What is the equation, written in terms of xA and tA, that describes Bob’s tB axis (the world line where xB = 0) on Alice’s diagram?

My options are the following:

1. tA = γ xA/(0.4c), where γ is the Lorentz factor
2. tA = xA/(0.4c)
3. tA = (0.4c)(xA)
4. tA = γ (0.4c)(xA), where γ is the Lorentz factor

Can someone explain, step by step, how to derive the correct equation?


p.s. this is not homework, it`s just something for fun I found online that I want to understand...

 

[ghwellsjr]

Step 1: Since speed is distance divided by time, 0.4c = xA/tA.

Step 2: Rearrange by multiplying both sides of the equation by tA and dividing by 0.4c to get answer 2.

 

[pervect]

let $t_a, x_a$ be Alice's coordinates
let $t_b, x_b$ be Bob's coordinates
let $\beta = v/c \quad \gamma = 1 / \sqrt{1-\beta^2}$

then write down the Lorentz tranform:

$x_b = 0 = \gamma \left( x_a - \beta t_a \right)$

From which you conclude the equation is $x_a = \beta t_a$
which is option 2

 

[Fredrik]

The $t_B$ axis is the image of Bob's world line (the set of all events in spacetime that he will pass through) in Alice's coordinates. So for all points $(t_A,x_A)$ on that line, $x_A$ and $t_A$ are (according to Alice) respectively the distance he has traveled since the (0,0) event, and the time that has passed since the (0,0) event. So his velocity is $v=x_A/t_A$.

This means that for any point $(t_A,x_A)$ on that line, we have $x_A=0.4c t_A$.

Hm, maybe I should have looked more closely at the previous answers before I wrote this. I thought that no one had pointed out that velocity=distance/time, but it's right there in ghwellsjr's post.

 

[sardar]

The correct equation is 1. tA = γ xA/(0.4c), where γ is the Lorentz factor.

To understand how this equation is derived, we first need to understand the concept of spacetime diagrams and how they represent the relationship between space and time in special relativity.

A spacetime diagram is a graphical representation of an event in spacetime, where space is represented on the horizontal axis and time is represented on the vertical axis. The slope of a line on the diagram represents the relative velocity between two frames of reference.

In this scenario, Alice and Bob are two observers in different frames of reference. Alice is at rest in her frame of reference and Bob is moving at a speed of 0.4c to the right (positive x direction) in his frame of reference. We want to combine their spacetime diagrams to see how their frames of reference are related.

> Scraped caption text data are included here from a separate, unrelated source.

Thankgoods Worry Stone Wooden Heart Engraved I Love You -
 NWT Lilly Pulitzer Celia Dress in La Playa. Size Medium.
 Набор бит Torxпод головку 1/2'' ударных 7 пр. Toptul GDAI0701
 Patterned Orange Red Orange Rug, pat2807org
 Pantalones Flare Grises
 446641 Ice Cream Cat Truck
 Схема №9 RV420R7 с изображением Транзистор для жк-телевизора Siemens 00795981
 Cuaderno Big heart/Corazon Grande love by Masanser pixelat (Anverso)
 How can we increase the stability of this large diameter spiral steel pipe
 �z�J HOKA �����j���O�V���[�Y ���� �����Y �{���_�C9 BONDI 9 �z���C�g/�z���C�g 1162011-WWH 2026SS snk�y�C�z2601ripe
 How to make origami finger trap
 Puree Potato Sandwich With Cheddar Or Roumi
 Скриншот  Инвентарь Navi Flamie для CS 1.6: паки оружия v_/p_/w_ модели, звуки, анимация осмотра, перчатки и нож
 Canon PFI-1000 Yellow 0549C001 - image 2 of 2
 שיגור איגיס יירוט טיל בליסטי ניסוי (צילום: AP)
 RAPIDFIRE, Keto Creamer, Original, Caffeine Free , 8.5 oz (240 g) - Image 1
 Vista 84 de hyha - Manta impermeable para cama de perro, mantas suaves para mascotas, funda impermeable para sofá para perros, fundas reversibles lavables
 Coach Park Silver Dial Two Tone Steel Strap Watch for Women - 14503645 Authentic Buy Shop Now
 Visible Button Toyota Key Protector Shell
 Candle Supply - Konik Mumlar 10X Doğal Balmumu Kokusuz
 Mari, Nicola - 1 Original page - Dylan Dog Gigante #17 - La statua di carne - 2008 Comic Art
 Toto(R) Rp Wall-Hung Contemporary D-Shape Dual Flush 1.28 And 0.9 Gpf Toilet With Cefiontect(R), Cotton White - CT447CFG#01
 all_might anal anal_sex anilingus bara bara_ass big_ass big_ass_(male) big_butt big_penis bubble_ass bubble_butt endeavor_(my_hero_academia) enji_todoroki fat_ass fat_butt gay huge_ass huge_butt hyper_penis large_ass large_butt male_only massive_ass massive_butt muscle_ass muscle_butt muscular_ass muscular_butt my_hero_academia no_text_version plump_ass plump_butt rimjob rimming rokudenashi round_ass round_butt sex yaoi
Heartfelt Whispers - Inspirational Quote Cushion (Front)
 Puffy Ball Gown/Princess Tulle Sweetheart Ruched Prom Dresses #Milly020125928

To do this, we first need to understand how time and space are related in special relativity. According to the Lorentz transformation equations, time and space are not absolute quantities and are dependent on the relative velocity between two frames of reference. The Lorentz factor, γ, is a constant that appears in these equations and is given by γ = 1/√(1-v^2/c^2), where v is the relative velocity between the two frames and c is the speed of light.

Now, let's look at Alice's diagram. The xA axis represents space and the tA axis represents time in her frame of reference. We want to find the equation that describes Bob's tB axis (the world line where xB = 0) on Alice's diagram. Since Bob is moving at a constant velocity, his world line will be a straight line with a slope of 0.4c.

We can use the slope formula, m = (y2-y1)/(x2-x1), to find the slope of Bob's world line. In this case, y1 = 0 (since Bob's world line passes through the origin) and x1 = 0 (since Bob's world line is vertical). We also know that y2 = tB and x2 = xB = 0 (since Bob's world line is at xB = 0). Therefore, the slope of Bob's world line is m = (tB - 0)/(0 - 0) = tB/0 = ∞